Han pasado los años. Esta noche no se celebra una reunión cualquiera. Todos saben que la dueña del local tiene algo que anunciarles. Antes quiere sentir una vez más la belleza y el sufrimiento en las caras y los cuerpos de sus amigos. Ella también participa en el juego. Le gusta llevar las acciones al límite. Alguien la define como una desgracia perenne a punto de ocurrir. Nunca se sabe con qué provocativa y desasosegante noticia les va a sorprender.

Se han quitado las vendas de los ojos. Francis Bacon ha atrapado por los hombros al hombre de anchas espaldas y pelo oscuro que entró a última hora.

El nuevo visitante acude a su estudio como modelo. Nadie más lo sabe. Le asquea que se haya servido de su nombre para entrar en el club, cosa a la que siempre se ha negado pero, por otro lado, le halaga y le provoca sensaciones placenteras su empeño por estar cerca de él. Quiere imaginarle calculando con avaricia el espacio que les separa, al acecho de sus pasos. De todos es conocido el gusto de Bacon por los encuentros fortuitos y los amores fulminantes.

No pueden olvidar su amor frenético por George Dyer, que comenzó el día en que le sorprendió robando en su casa y solo finalizó con su suicidio en París, dos días antes de la exposición retrospectiva de Bacon en el Grand Palais.

Muriel es una bruja benévola, una lesbiana impetuosa que tiene el don de atraer y descubrir gente interesante, que dé color y brillo al club, a su gatera única. Una gran cocinera que utiliza solo dos ingredientes: la bebida y sus clientes, y con ellos sacia su sed de dinero. Disfruta con el cotilleo y el insulto. Cree que añade pimienta a las relaciones y sirve para propagar la leyenda de intelectualidad exquisita y canalla.

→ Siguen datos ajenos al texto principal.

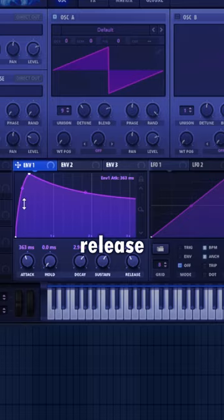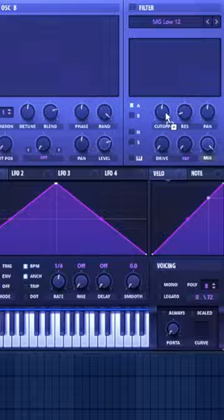Link envelope 2 to the cutoff and turn it all the way down. Select MG low 24.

El hombre que ha entrado es el nuevo amante de Francis, proclama perdida en alucinaciones, dirigiéndose a todos con la misma ansiedad con que apura el vaso.

–¡Le ha gustado la nena!

Pero se guarda mucho de decir, como es de su gusto, que parece salido de los urinarios de Picadilly. Reserva su lengua envenenada para otra ocasión. Ahora toca despedirse.

–Amigos, hasta aquí he llegado. Ha sido un gusto y un honor acogeros a todos, disfrutar de vuestra jodida amistad.  Ya sabéis que la salud es mi mayor enemiga pero, ahora que me falta, empiezo a echarla en falta, aunque solo sea para maldecirla.  Me retiro. Este 1976 me está abriendo las puertas del infierno. Allí os espero.

Pronuncia las últimas palabras con la boca seca, a oleadas, con las facciones descompuestas.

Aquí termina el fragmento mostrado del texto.